— DATA RECORDS —

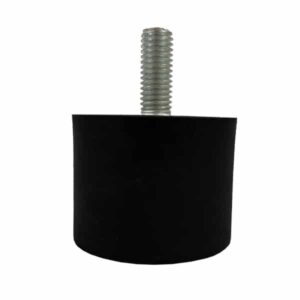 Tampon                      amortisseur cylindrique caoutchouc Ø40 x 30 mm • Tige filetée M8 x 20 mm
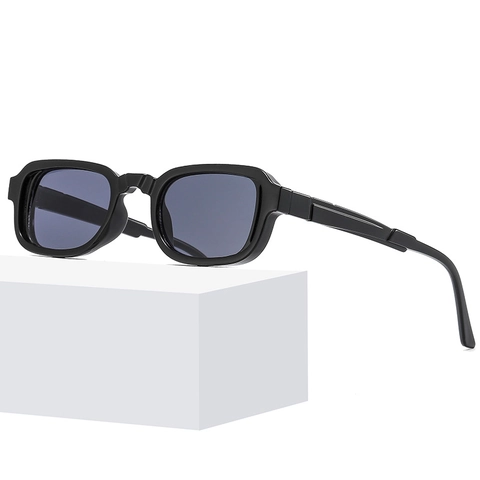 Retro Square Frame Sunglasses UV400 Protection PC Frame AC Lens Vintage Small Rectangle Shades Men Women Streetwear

---

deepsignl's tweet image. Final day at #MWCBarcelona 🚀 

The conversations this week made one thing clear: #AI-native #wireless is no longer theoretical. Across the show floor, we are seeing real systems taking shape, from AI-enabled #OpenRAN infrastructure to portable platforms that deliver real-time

— YOUR OBJECTIVE —
Beginning with the line that has "deepsignl's tweet image." and ending with the line that has "The conversations this", set down the lines above exactly and include no others.

— ANSWER FOR THIS EXERCISE —
deepsignl's tweet image. Final day at #MWCBarcelona 🚀 

The conversations this week made one thing clear: #AI-native #wireless is no longer theoretical. Across the show floor, we are seeing real systems taking shape, from AI-enabled #OpenRAN infrastructure to portable platforms that deliver real-time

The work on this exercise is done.